Goldmann, Foley and Lewis. The opinion of the court was delivered by Lewis, J.A.D.
Plaintiffs appeal from an order granting defendant's motion for involuntary dismissal at the close of plaintiffs' case. R.R. 4:42-2(b). In reviewing the correctness of that determination, we must accept as true the evidence adduced at the trial, and give to plaintiffs the benefit of all legitimate inferences to be drawn therefrom. Melone v. Jersey Central Power & Light Co. , 18 N.J. 163, 170 (1955); J.L. Querner, etc., Inc. v. Safeway Truck Lines, Inc. , 35 N.J. 564, 566 (1961). See also Kopec v. Kakowski , 34 N.J. 243, 244 (1961).
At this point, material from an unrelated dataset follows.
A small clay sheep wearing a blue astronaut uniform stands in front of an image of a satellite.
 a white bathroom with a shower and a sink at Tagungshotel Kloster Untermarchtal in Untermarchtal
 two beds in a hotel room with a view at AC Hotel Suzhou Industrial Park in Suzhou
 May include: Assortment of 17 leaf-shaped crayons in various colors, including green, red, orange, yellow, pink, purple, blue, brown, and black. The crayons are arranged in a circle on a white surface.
Defendant and the United Engineers and Constructors, Inc. (hereinafter United), had contracted for certain construction work to be performed by United in the erection of the Bergen Generating Station in Ridgefield, New Jersey. The testimony revealed that on October 2, 1957 Michael Marion, John Ferrara and Raymond Alexander, all of whom were boilermakers with considerable experience, were employed by United. On that day, these employees reported for work in the morning. Flanagan, United's general foreman on the job, selected Murphy, another United employee, as "pusher" or foreman of the crew; the men were then ordered to a nearby railroad siding to unload some heavy equipment from flat cars. When the crew arrived at the siding Ferrara noticed a man wearing a yellow helmet with a Public Service emblem on it standing near the freight cars about to be unloaded. He testified he had never seen this man on the job-site prior to that time. Murphy told the men to remove from one of the cars the two halves of a "rotor" -- parts of an air preheater assembly. This they proceeded to do with the assistance of a caterpillar crane which bore a Public Service symbol. Ferrara and Alexander observed Murphy and the man wearing a helmet talking together and pointing in the direction of the railroad cars. Neither Ferrara nor Alexander heard what was said.
After the rotor had been unloaded, the crew went to a nearby gondola car in order to remove metal plates or
sheets, each weighing approximately three or four tons; they were fabricated sections of the preheater system. These parts were stacked upright in the car, in bundles consisting of eight sections. The bundles were bound together at the top by two metal straps (six inches wide and 3/8 of an inch thick), which were connected, in turn, to the sides of the gondola car by 3/4-inch steel rods welded to the straps on the one end and the sides of the car at the other. They were also held in position by means of wires and wooden wedges. Murphy instructed his men to unload; they used the crane in connection with this project.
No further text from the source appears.